■ **Work to complete**: The listing below should be printed exactly, though its pictures must not be.

■ **Data**:
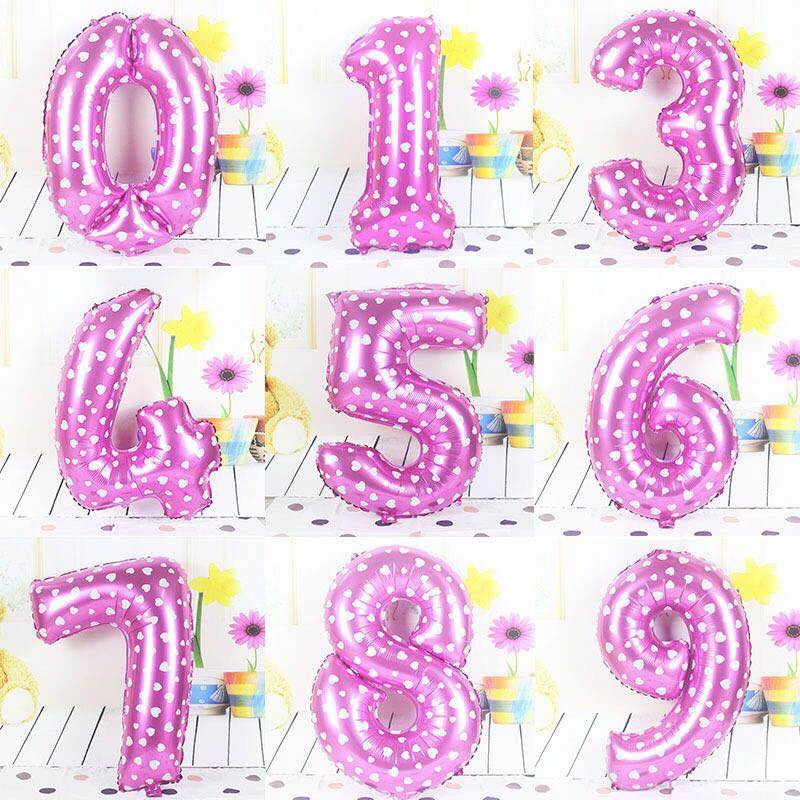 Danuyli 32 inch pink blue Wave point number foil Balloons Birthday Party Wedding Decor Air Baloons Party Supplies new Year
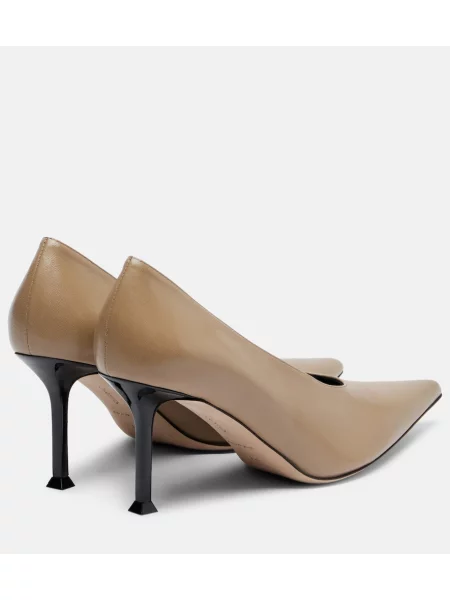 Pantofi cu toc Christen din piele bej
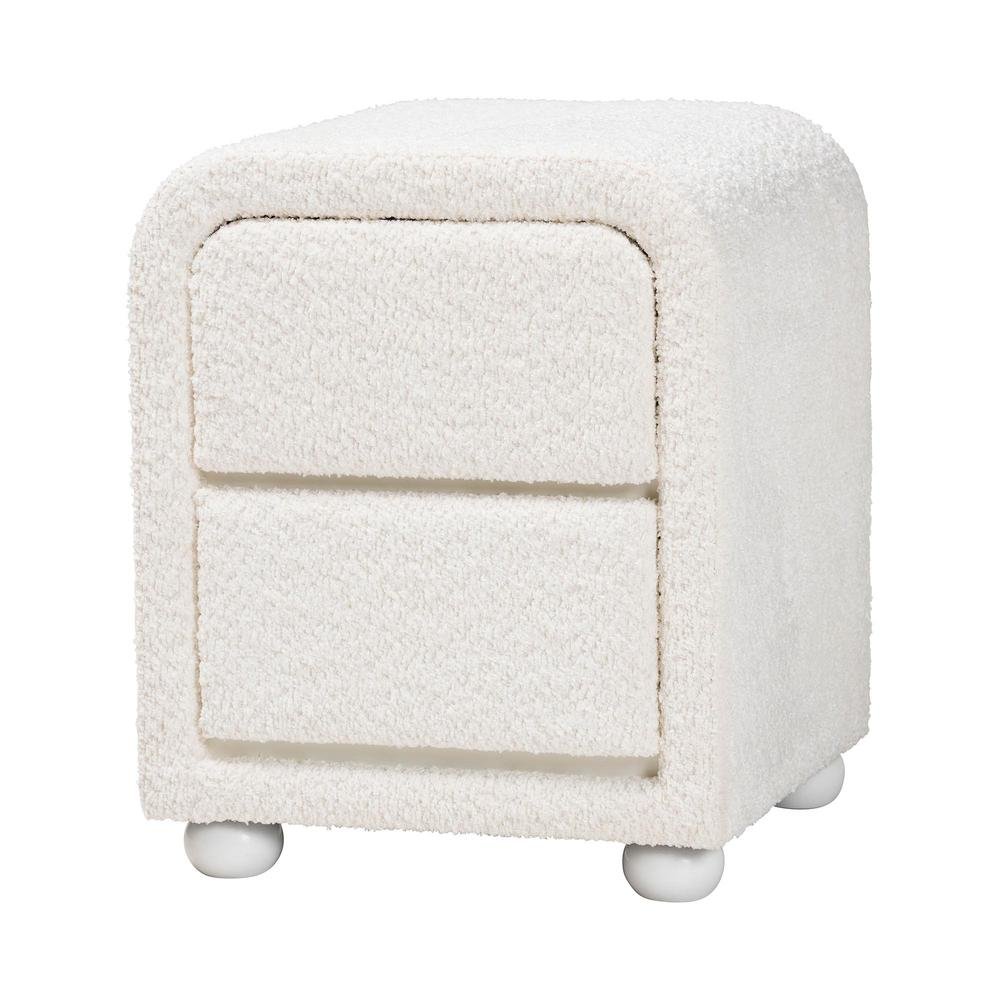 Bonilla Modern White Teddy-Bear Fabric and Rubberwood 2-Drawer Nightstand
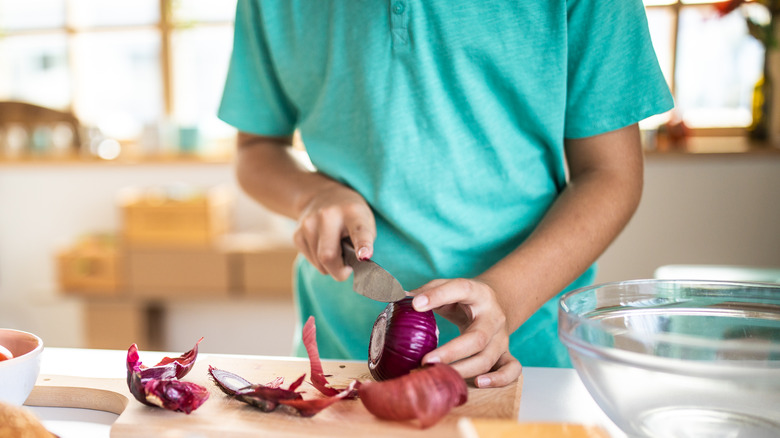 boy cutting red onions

■ **Output of the task**:
 Danuyli 32 inch pink blue Wave point number foil Balloons Birthday Party Wedding Decor Air Baloons Party Supplies new Year
 Pantofi cu toc Christen din piele bej
 Bonilla Modern White Teddy-Bear Fabric and Rubberwood 2-Drawer Nightstand
 boy cutting red onions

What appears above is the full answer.